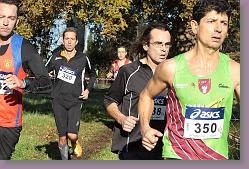 Begles 15.12.13 01 338 * 679 x 453 * (159KB)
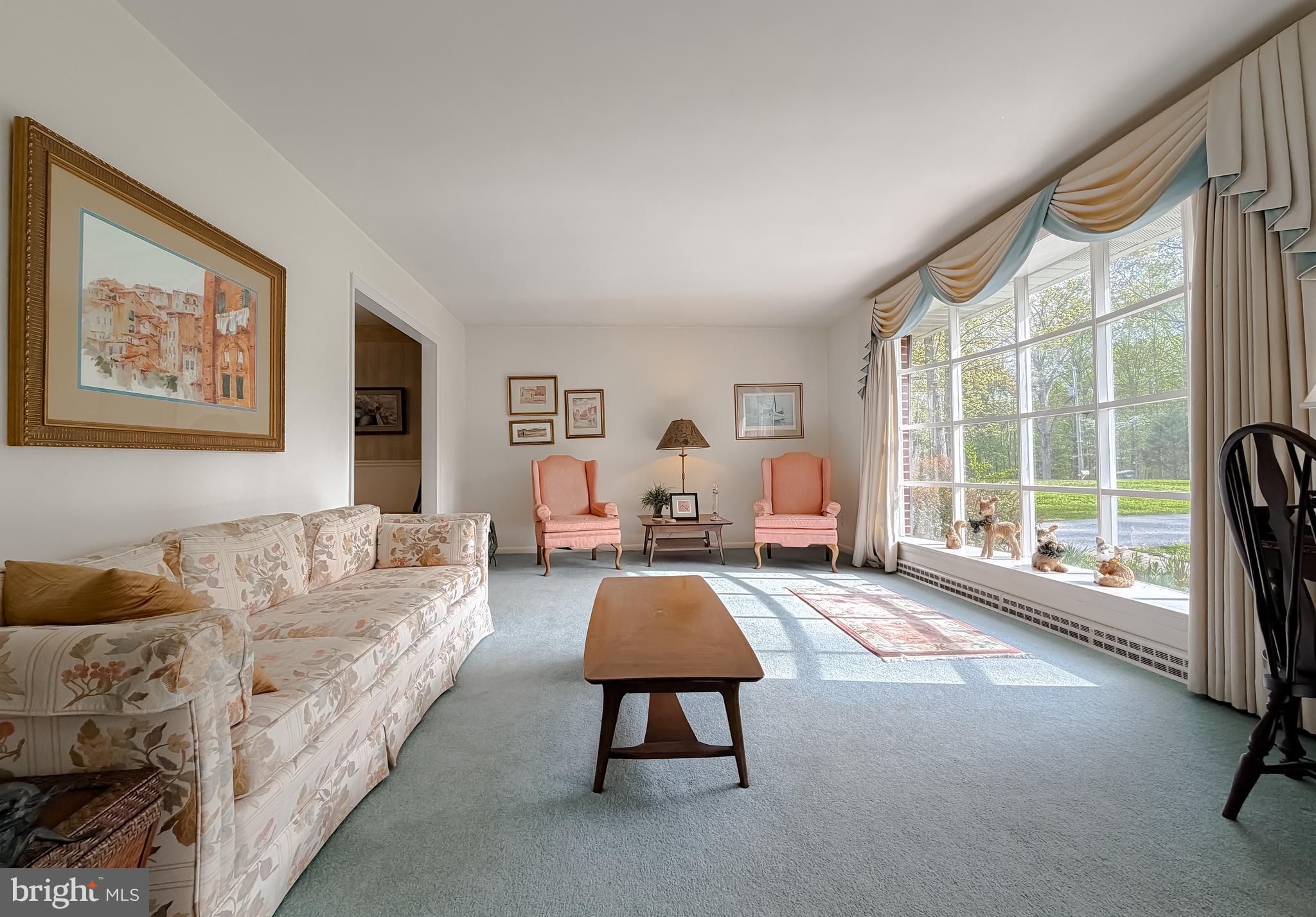 22925 Maple Road Lexington Park, MD 20653 - Photo 7 of 49 Gallery Image 7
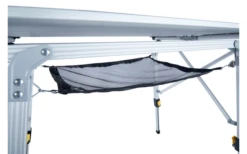 Uquip Variety M Campingtisch -Zelt & Komfort 709388 4822787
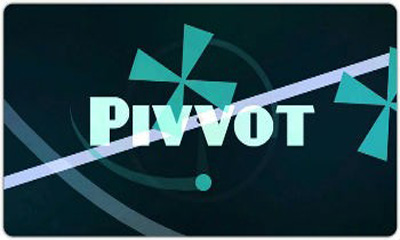 Ladda ner Pivvot: Android-spel till mobilen och surfplatta.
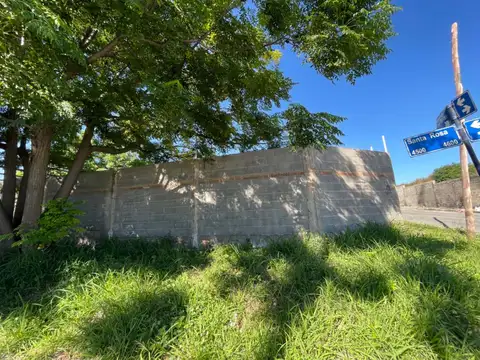 Terreno en Venta en Córdoba, Capital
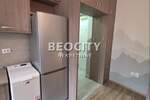 Jednosoban stan, Novi Sad | Prodaja · 24m² · 80.000€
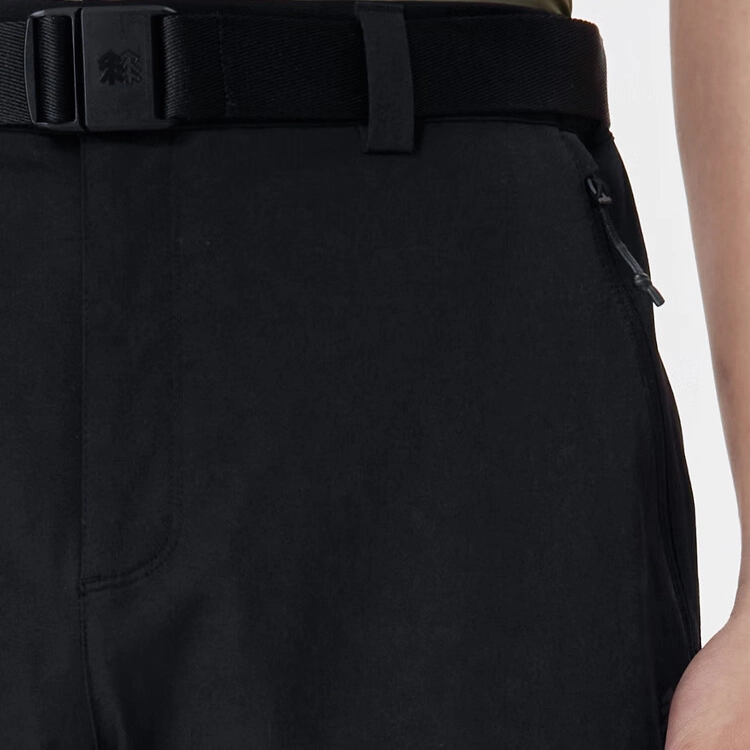 KOLON SPORT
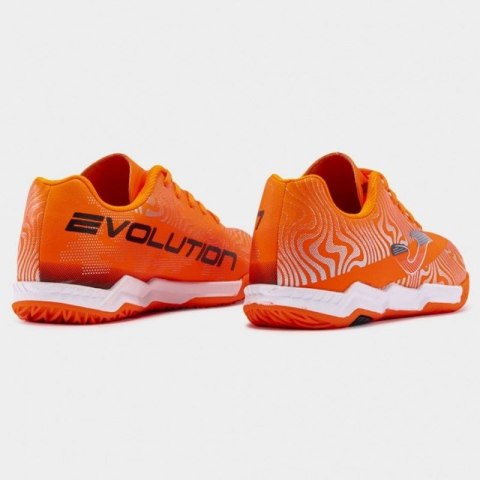 Buty Joma EVOLUTION 2408 Jr IN EVJW2408IN Buty Joma EVOLUTION 2408 Jr IN EVJW2408IN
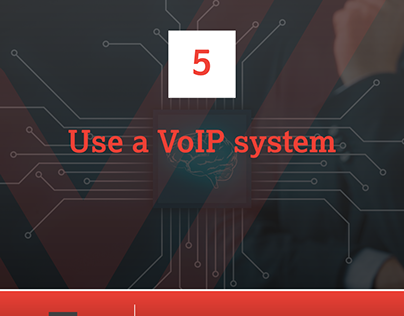 Cloud VoIP phone system uk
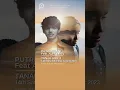 Download Lagu Alffy Rev feat. Putri Ariani - Tanah Airku (Remix) #putriariani #alffyrev #tanahairku #17agustus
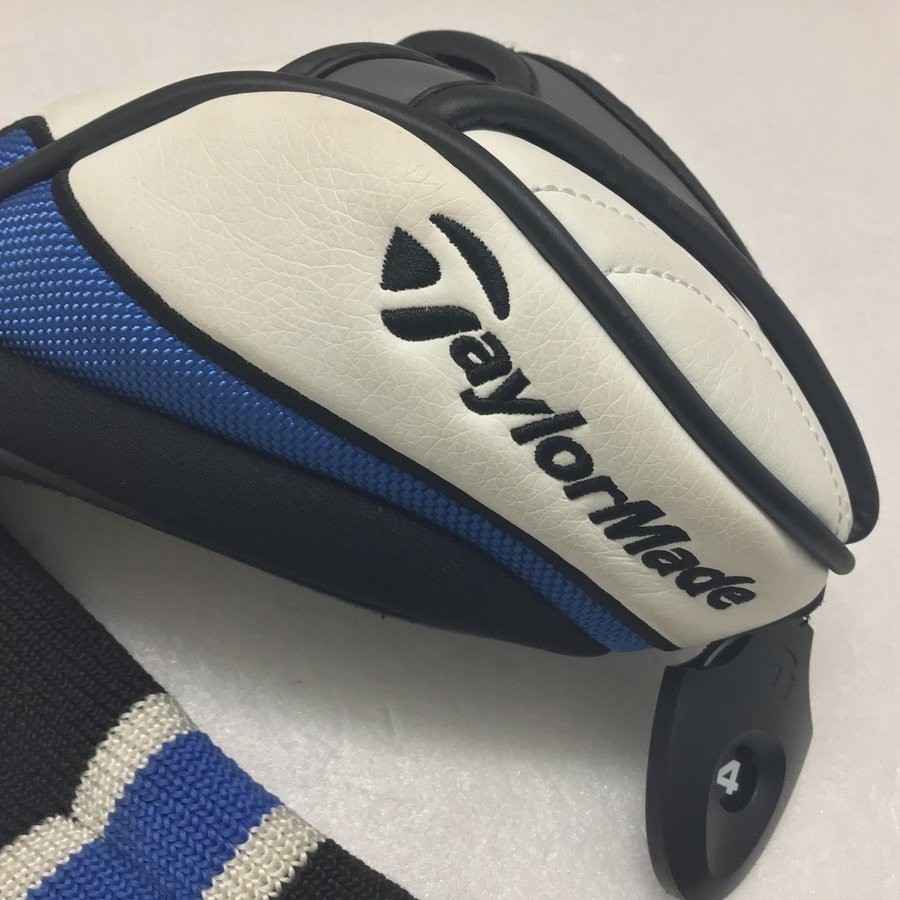 レフティ 中古テーラーメイド オールSLDR フルセット キャディバック テーラーメイド レフティの通販 sldr メンズゴルフ ドライバー SLDR 左利き TaylorMade テーラーメイドSLDR レフティー 中古（利き腕左）の通販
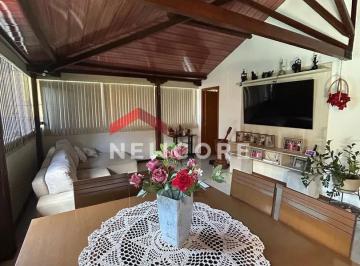 Casa · 200m² · 6 Quartos · 1 Vaga · Casa em  Rua das Laranjeiras - Centro - Sabará/MG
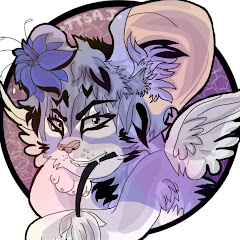 Thumbnail of related channel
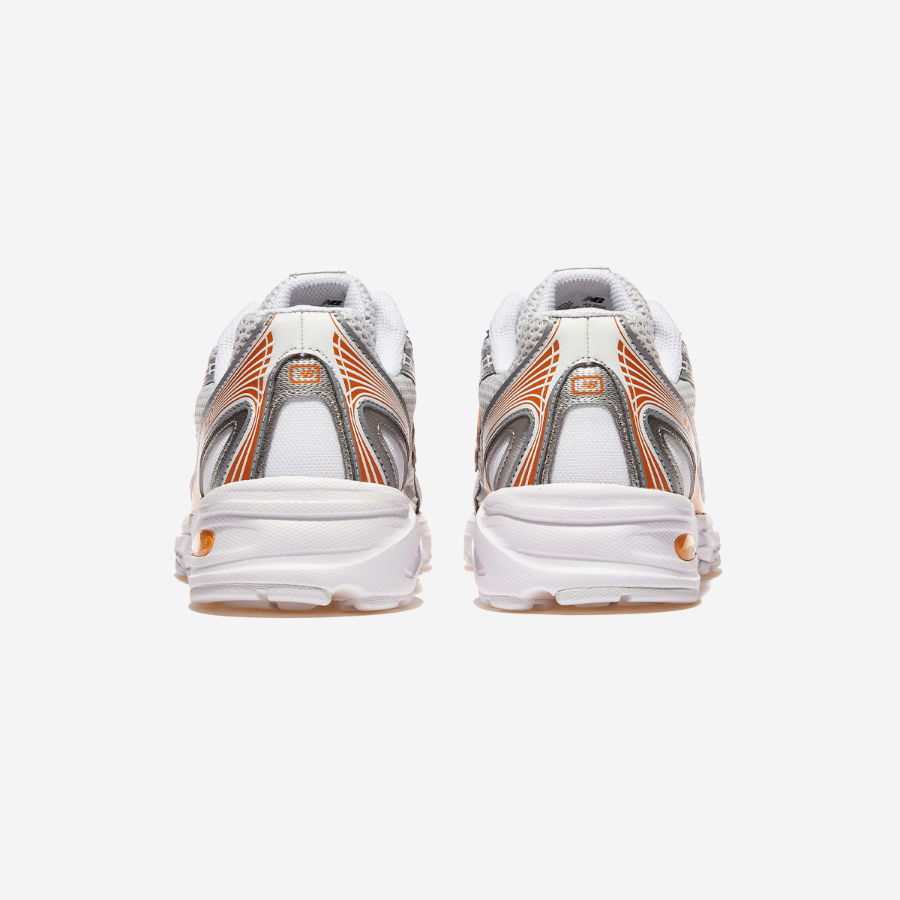 New Balance U740CL2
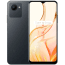 Realme C30s 4GB/64GB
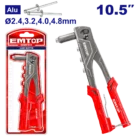 EHRR101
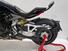 Ducati XDiavel 1262 S (2016 - 20) (6)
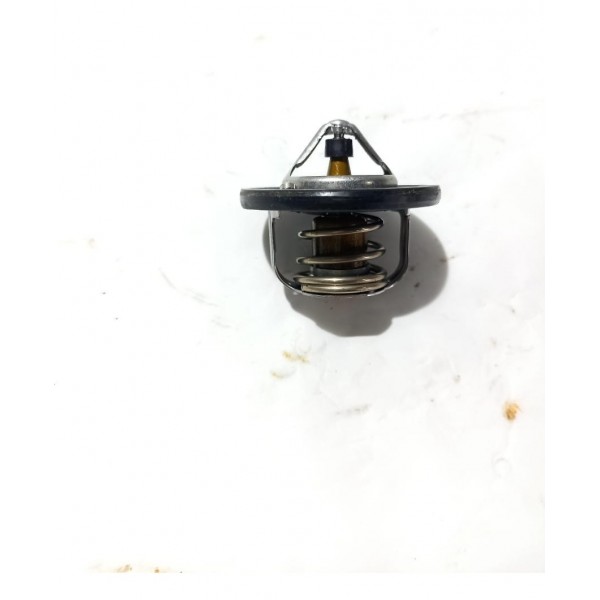 Válvula Termostática Nissan Kicks 1.6 2019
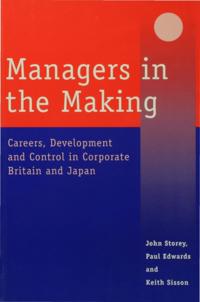 Industrial Management series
========================================================================
▶ **What to do**:
The copy you give must run from the line containing "Uquip Variety M" through the last line of the records, exactly, with the pictures left out.

▶ **Output for this task**:
 Uquip Variety M Campingtisch -Zelt & Komfort 709388 4822787
 Ladda ner Pivvot: Android-spel till mobilen och surfplatta.
 Terreno en Venta en Córdoba, Capital
 Jednosoban stan, Novi Sad | Prodaja · 24m² · 80.000€
 KOLON SPORT
 Buty Joma EVOLUTION 2408 Jr IN EVJW2408IN Buty Joma EVOLUTION 2408 Jr IN EVJW2408IN
 Cloud VoIP phone system uk
 Download Lagu Alffy Rev feat. Putri Ariani - Tanah Airku (Remix) #putriariani #alffyrev #tanahairku #17agustus
 レフティ 中古テーラーメイド オールSLDR フルセット キャディバック テーラーメイド レフティの通販 sldr メンズゴルフ ドライバー SLDR 左利き TaylorMade テーラーメイドSLDR レフティー 中古（利き腕左）の通販
 Casa · 200m² · 6 Quartos · 1 Vaga · Casa em  Rua das Laranjeiras - Centro - Sabará/MG
 Thumbnail of related channel
 New Balance U740CL2
 Realme C30s 4GB/64GB
 EHRR101
 Ducati XDiavel 1262 S (2016 - 20) (6)
 Válvula Termostática Nissan Kicks 1.6 2019
 Industrial Management series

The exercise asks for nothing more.